Speaking to a teacher of mine from Dubai, Mr Hoskisson, I wanted to understand why this was.

He told me, “The Holocaust did not feature in anything in the curriculum with regard to the Second World War.

“We just basically talked about the conflict between the Nazis and Britain. And the main thread of the curriculum was supposed to be what life was like for a child during World War II in Britain.”

With my sister for our first day of school in Dubai.

I went to a school called Horizon School and I remember learning about Nazis, but never Jews. We would make our own bunkers out of papier-mache, and write imaginary diary entries as if we were a British child during the war, believing that was the worst it could get.

When I was about nine years old I went on a family holiday to Germany and Austria. We travelled through Munich and Salzburg, eating pretzels and schnitzel. During the trip my parents brought my sister and I to the Dachau Concentration camp. The sombre feeling of those touring the camp was not something I understood, as I skipped along quite happily. My own parents were confused by how nonchalant I could be about it, regardless of my young age. But looking back I understand that I had not learnt about it, and was not taught the goings-on in places such as Dachau and I definitely didn’t understand my own connection to it. With my own parents new to Dubai, they too didn’t know how little we were being taught about the Jewish people, the Holocaust and even Israel.

I also never understood my connection to Israel, in fact I didn’t know it existed. My primary school teacher confirmed that I wasn’t just messing about in class and missed the lesson on Israel, explaining, “The kids would buy textbooks and atlases and all kinds of stuff, and we used to have to go through with a black marker pen and cross Israel off the map, rub the Israeli flag out. So that there was absolutely zero mentioned or chance of the children seeing anything to do with Israel in the books that they were using.”

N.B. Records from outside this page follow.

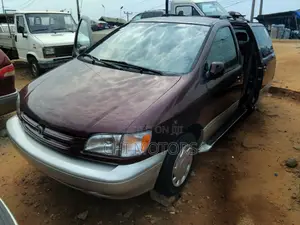 Toyota Sienna LE & 1 hatch 2000 Brown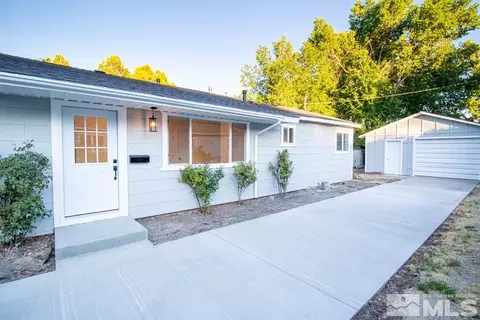 319 E Long St, Carson City, NV 89706 photo 17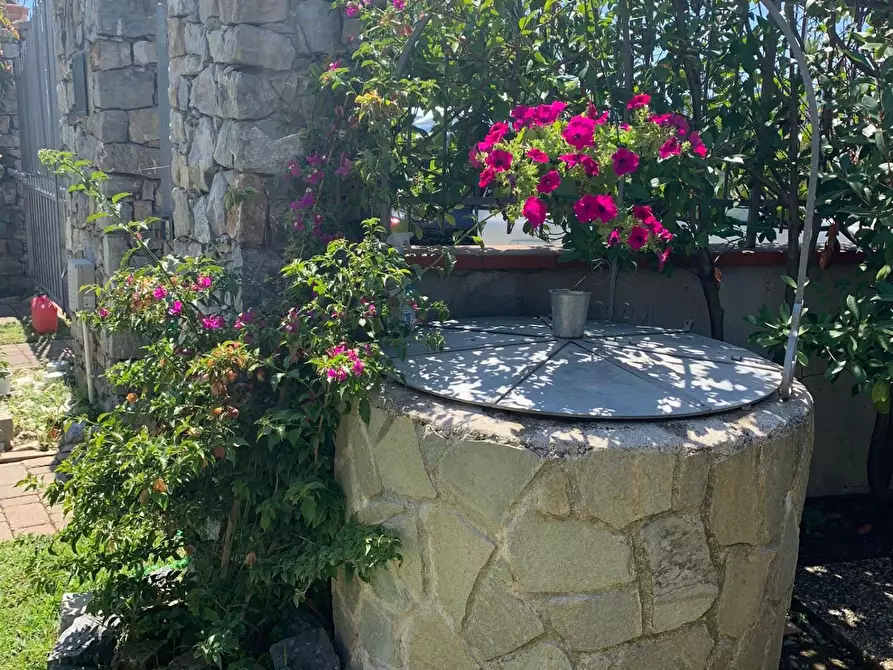 Immagine 24 di Villa in vendita  a Castelnuovo Magra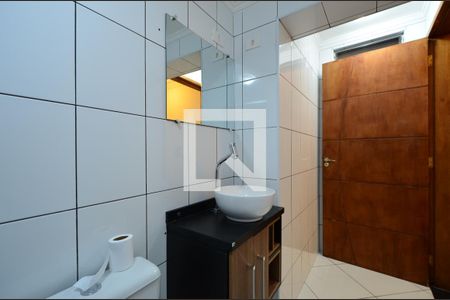 Casa para alugar com 65m², 2 quartos e sem vagaBanheiro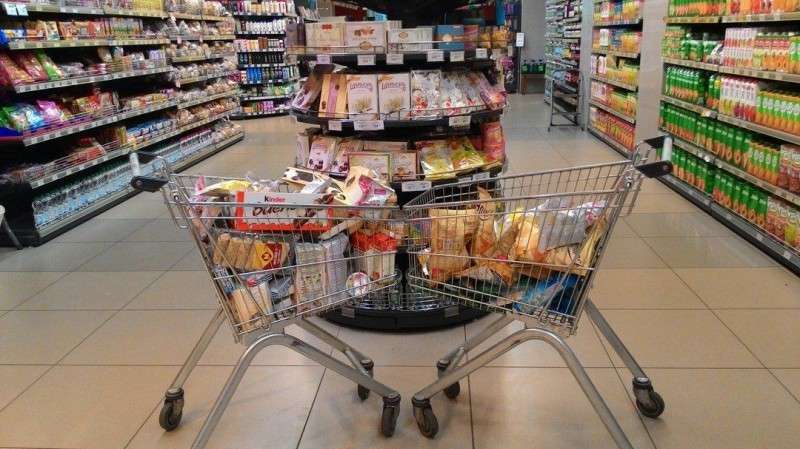 Уфимские активисты набрали полную тележку просроченных товаров в супермаркете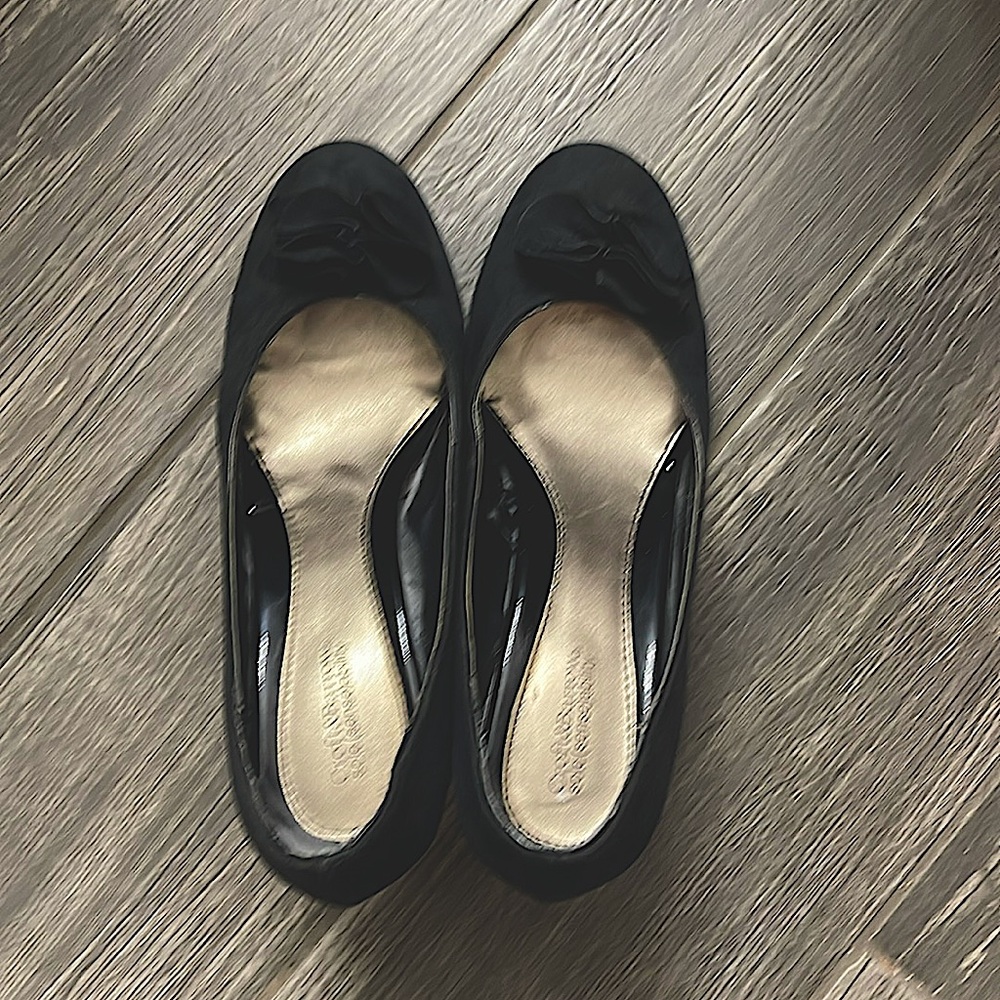 Croft & Barrow Sole(sense)ability heels. Faux Suede with Flower Embellish toe.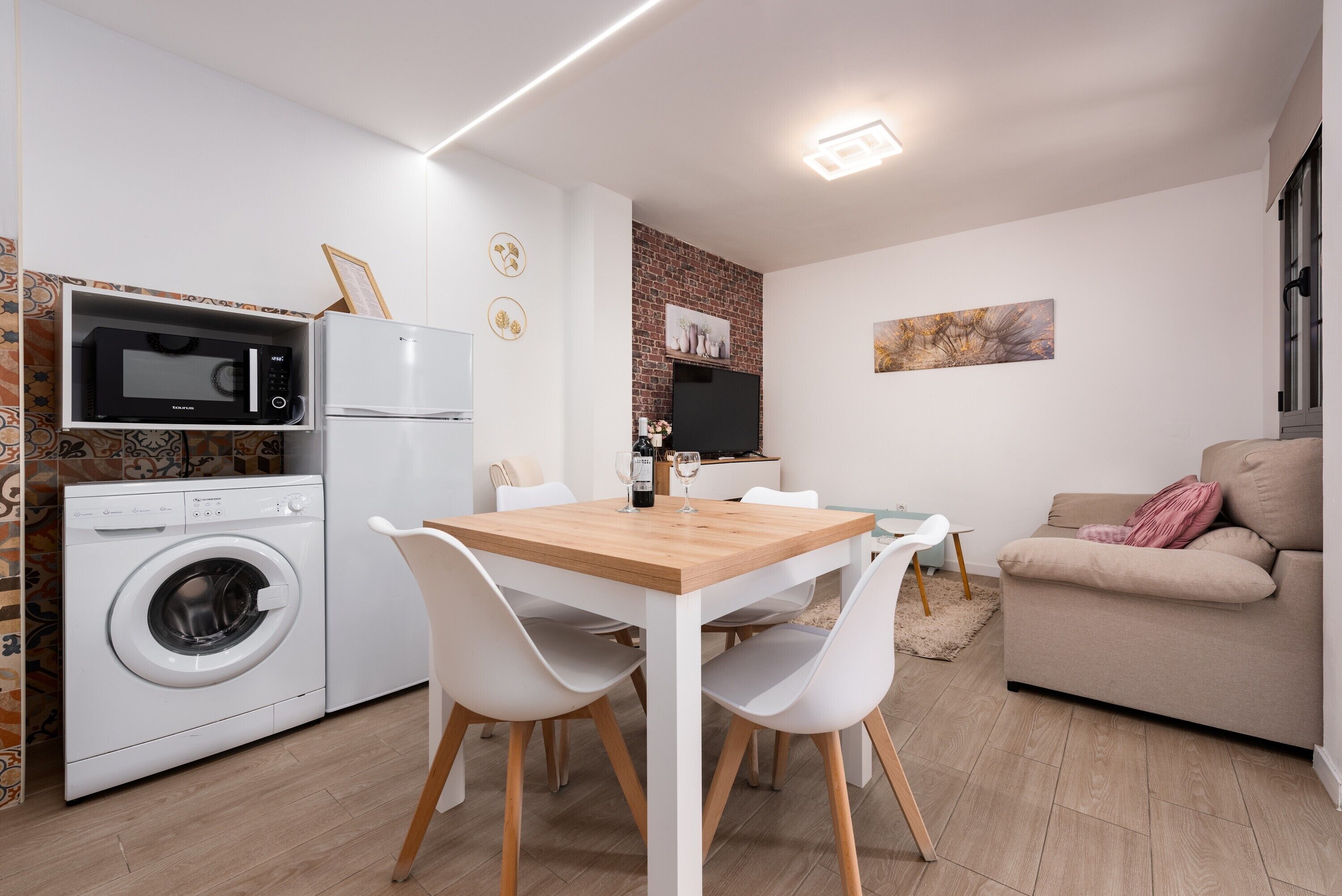 Interni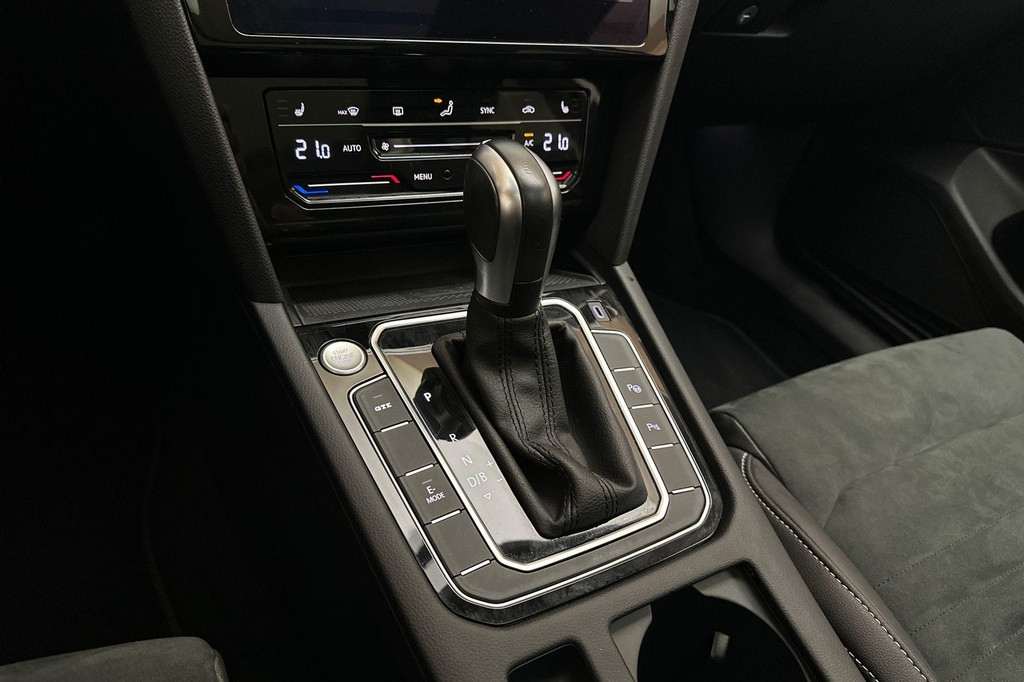 Volkswagen Passat (KJP13N) met abonnement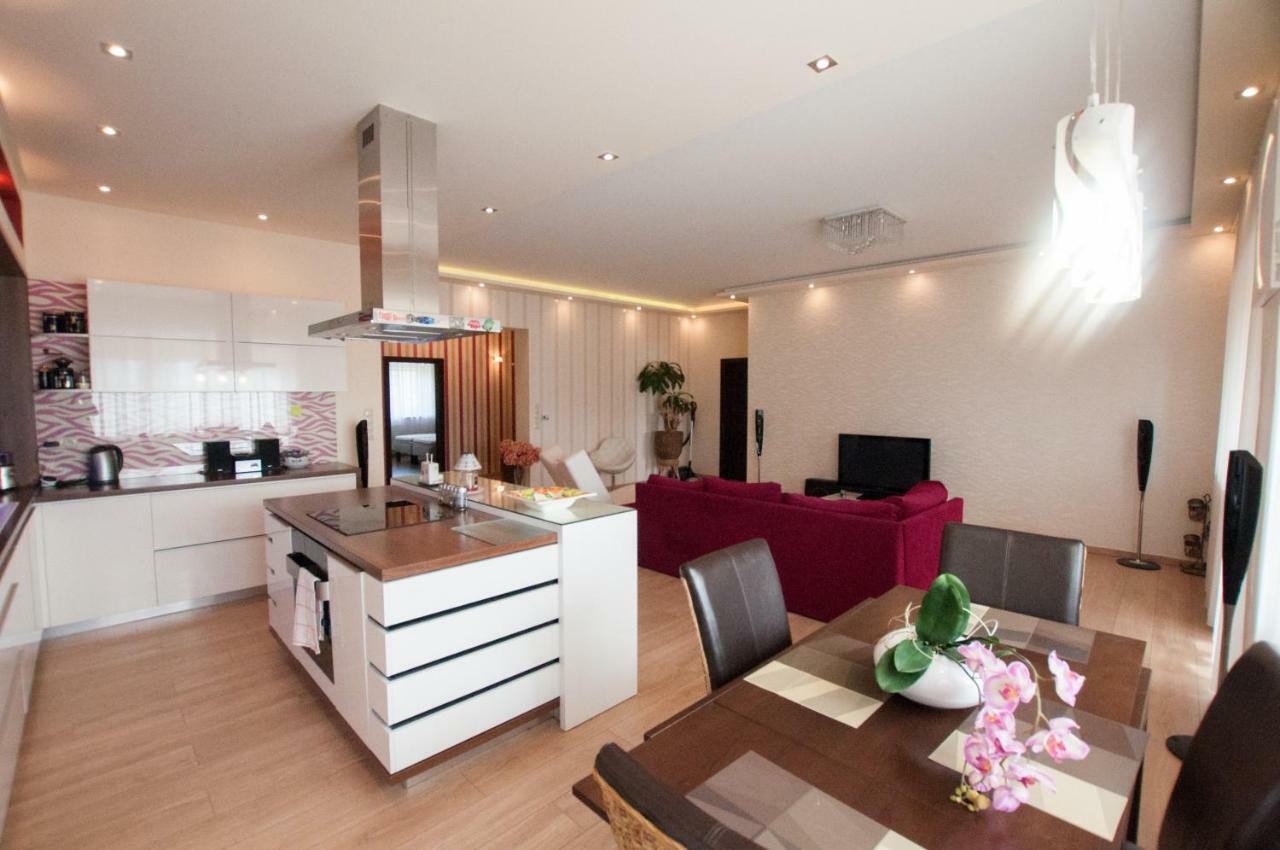Prestige Apartment Komárno Εξωτερικό φωτογραφία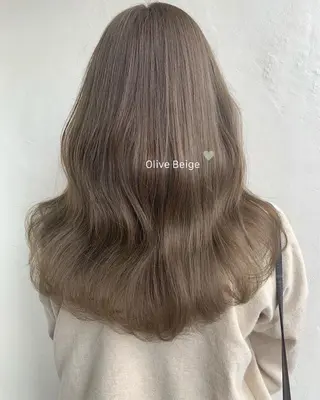 セミロング mako🌷ミニモ 限定クーポン多数🆕のヘアスタイル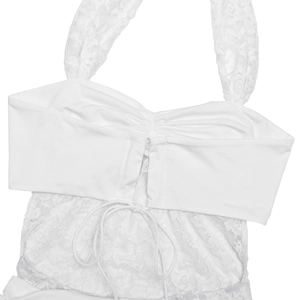 Détail du dos d'une robe en dentelle blanche avec licou et design à lacets chic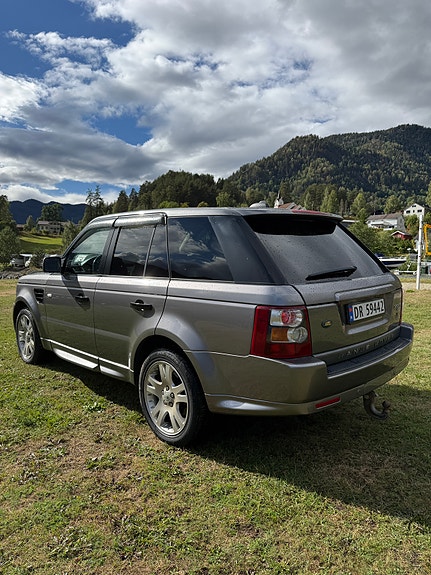 Land Rover Range Rover Sport 21 of 30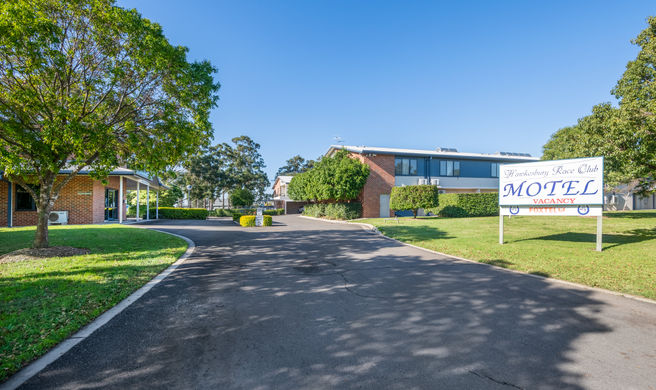 Hawkesbury Race Club Motel Exterior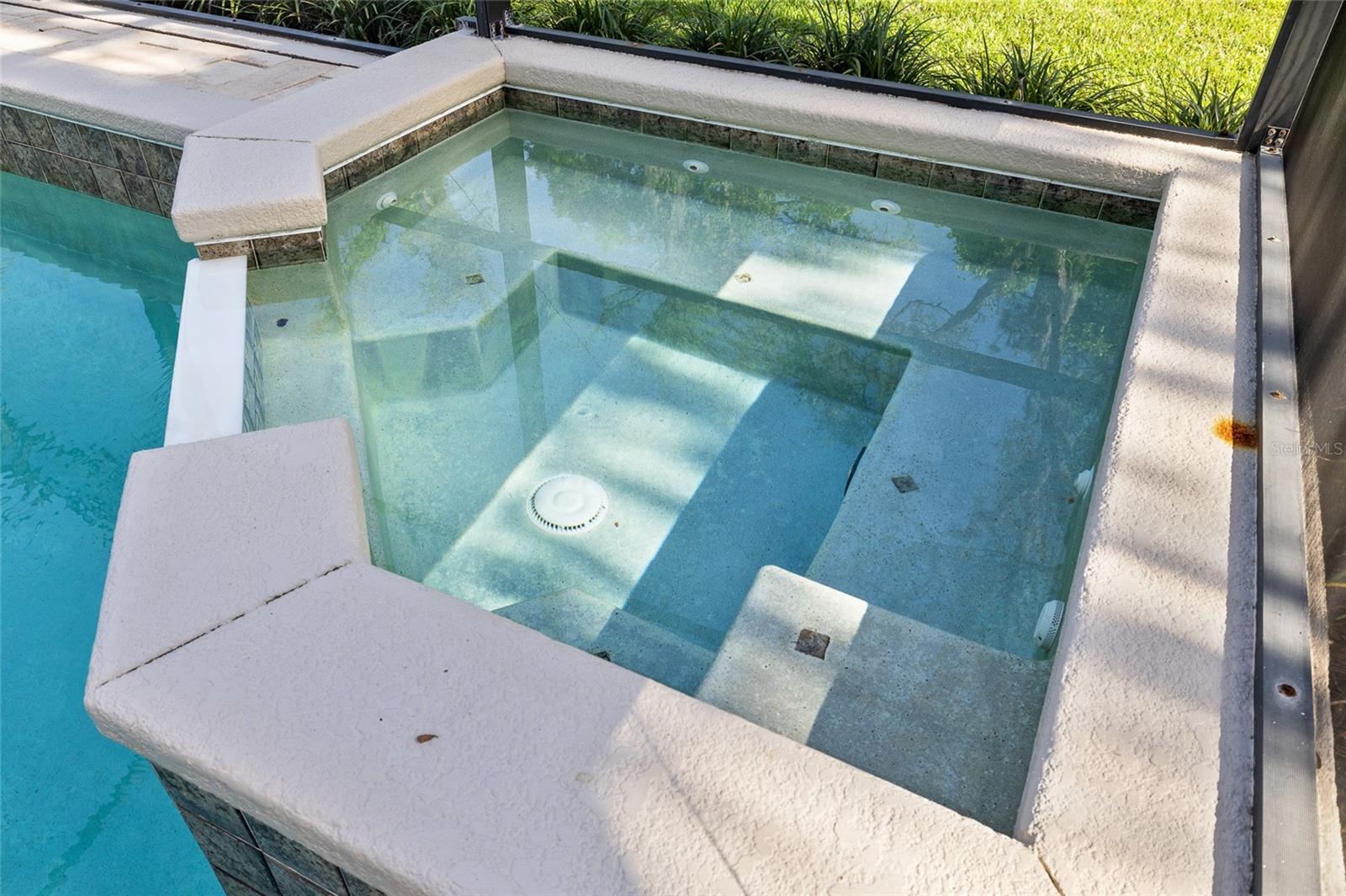 Listing photo id 43 for 16109 Ternglade Drive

The Torah was banned and never mentioned, Israel was non-existent to me. My father works for an airline that operates out of Dubai, and no flights would ever go in or out of Israel.

My teacher also said, “When I worked in the Islamic school, it was very much like, it’s haram to have six-pointed stars, you can’t have a six-pointed star, it’s got to have five points. So anything with six-pointed stars was not allowed at all.”

When he worked at an Emirati school which was heavily populated by Palestinian teaching staff, he recalled a time when “one of the Islamic teachers had offered to the children to stay behind after school and paint Israeli flags on a Wednesday, which was the beginning of the weekend, and then they said when the school is closed, we can stay behind and burn the Israeli flags in the playground”.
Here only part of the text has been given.